東京人の広島カープ応援奮闘記

東京人です。広島を好きになったのは、1986年の日本シリーズ、第1戦引き分けの後広島3連勝、後4連敗で敗戦したあの時です。家族は西武デパートが安売りをするので西武を応援していました。子供だった僕は「赤い方かわいそうじゃん」と思い、心の中で一人カープを応援していました。が、3連勝の後、4連敗。野球に興味のなかった子供でしたが、初めて真剣に見た野球で、怖さと魅力を覚えました。それ以後、野球の大ファンになりました。子供心に、カープが日本一になるまでカープを応援すると決めました。まだ日本一になっていません。もう一生カープファンです。 2連覇しました。僕の目標は広島黄金時代の到来です。
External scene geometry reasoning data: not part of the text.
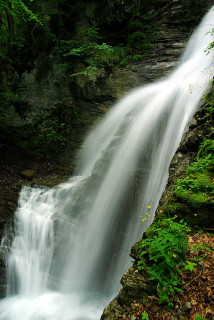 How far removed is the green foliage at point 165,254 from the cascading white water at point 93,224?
178 centimetres

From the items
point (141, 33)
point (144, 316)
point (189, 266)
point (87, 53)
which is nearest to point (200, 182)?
point (189, 266)

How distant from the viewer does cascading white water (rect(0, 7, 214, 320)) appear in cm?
456

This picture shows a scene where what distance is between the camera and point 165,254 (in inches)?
99.8

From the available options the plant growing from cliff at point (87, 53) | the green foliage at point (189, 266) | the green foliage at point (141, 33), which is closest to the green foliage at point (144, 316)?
the green foliage at point (189, 266)

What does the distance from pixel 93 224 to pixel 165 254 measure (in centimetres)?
304

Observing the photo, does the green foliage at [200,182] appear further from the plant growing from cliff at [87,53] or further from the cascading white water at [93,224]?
the plant growing from cliff at [87,53]

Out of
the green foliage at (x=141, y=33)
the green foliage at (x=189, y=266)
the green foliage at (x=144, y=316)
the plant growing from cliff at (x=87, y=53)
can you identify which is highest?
the green foliage at (x=141, y=33)

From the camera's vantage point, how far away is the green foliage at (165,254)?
2.43m

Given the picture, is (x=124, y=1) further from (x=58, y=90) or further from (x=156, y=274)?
(x=156, y=274)

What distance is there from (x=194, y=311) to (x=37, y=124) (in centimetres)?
919

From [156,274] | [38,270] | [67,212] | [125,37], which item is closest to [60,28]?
[125,37]

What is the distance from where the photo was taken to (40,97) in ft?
32.1

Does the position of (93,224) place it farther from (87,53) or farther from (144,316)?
(87,53)

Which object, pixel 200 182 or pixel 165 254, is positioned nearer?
pixel 165 254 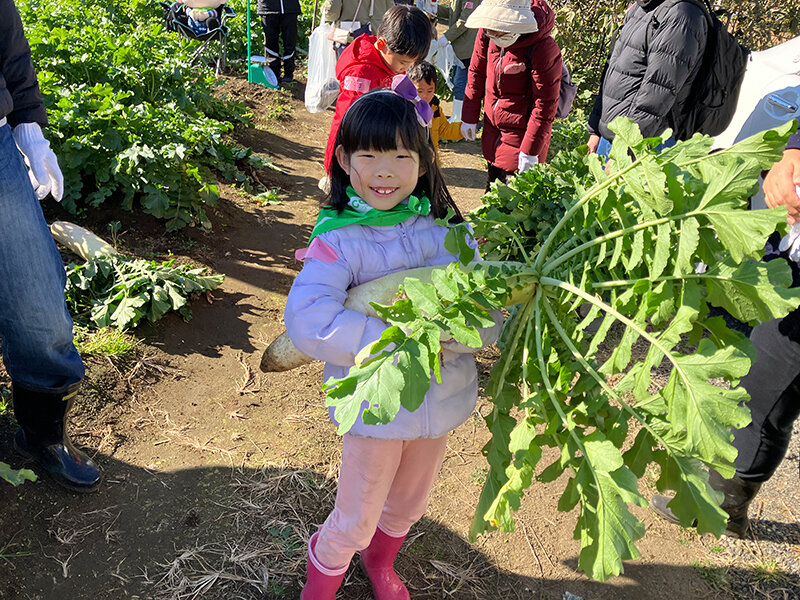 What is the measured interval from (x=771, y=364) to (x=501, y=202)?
52.4 inches

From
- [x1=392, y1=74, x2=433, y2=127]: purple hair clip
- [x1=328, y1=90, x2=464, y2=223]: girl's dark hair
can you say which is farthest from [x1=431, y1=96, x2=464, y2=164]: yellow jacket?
[x1=328, y1=90, x2=464, y2=223]: girl's dark hair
毎年優勝争いに絡んで、そして優勝して、日本一になる。 東京人ですが、広島の試合はradikoで毎試合欠かさず聴いてます。テレビ中継があるときはもちろん見るし、毎年10試合近くはチケットを購入し観戦に行きます。 東京人の熱烈広島ファンの奮闘を辿るブログです。

カテゴリ: 本の紹介

2014年シーズン、
一部の勇気あるプロ野球解説者が、
カープ優勝説を唱えた

2014年のカープは前季より一人多い六人の外国人選手でスタートした。
実績のあるバリントンとミコライオ
技巧派中継ぎフィリップス
野手陣にはエルドレッドとキラ
練習生だったロサリオ

その後球団はシーズン途中にももう一人の外国人と契約を交わす
ヒースである

そして外国人はフル稼働し、
本塁打と打点の2冠のエルドレッドを2度も2軍に落としたり、
投手陣のフル稼働もチームを救った

2014年のカープを語る時、
キクマルコンビの話を抜きには語れない
この二人は連打が多く、
相互刺激装置のようなものがあったと考えられる
これはチームを強くした

カープは集中打での逆転が多くなった

しかし交流戦前までトップだった位置も、
交流戦は最下位で首位を明け渡す

その頃のカープ女子の応援ぶりは大変なものだった
この現象は関東だけのものだと思っていたが、
福岡でも札幌でも状況は同じだった

8月20日未明、
広島県北部で土砂災害が起きる
そして広島に戻ってきた8月22日、
全員が喪章をつけて戦うことになった
前田健太は完封する
本来では分業制が確率された現代の野球では、
リリーフへと繋いで行くのだが、
彼は
「完封しか意味がないと思っていました」
と言い広島を盛り上げる

この年広島は3位でクライムックスを阪神と戦い
惜しくも敗れる

これで野村謙二郎の監督としての仕事は終わりとなる

そして2015年から緒方孝市監督就任となる

カープ選手には「すべての選手は高橋慶彦に通じる」というようなところがある。
どの時代でも、カープというチームは、走る1,2番がチームを引っ張っていた。

カープ黄金時代の象徴は、山本浩二と衣笠祥雄であるが、
この2人もよく走った
二人の盗塁数は、山本浩二が231、衣笠祥雄が266
衣笠祥雄に至っては、盗塁王を獲得している

大雑把に言うならば、貧乏球団はよく走る
プロ野球というのは、金持ち球団がどっしり構え、それに向かって貧乏球団が走り回るというのが、1番面白い構図なのではないか。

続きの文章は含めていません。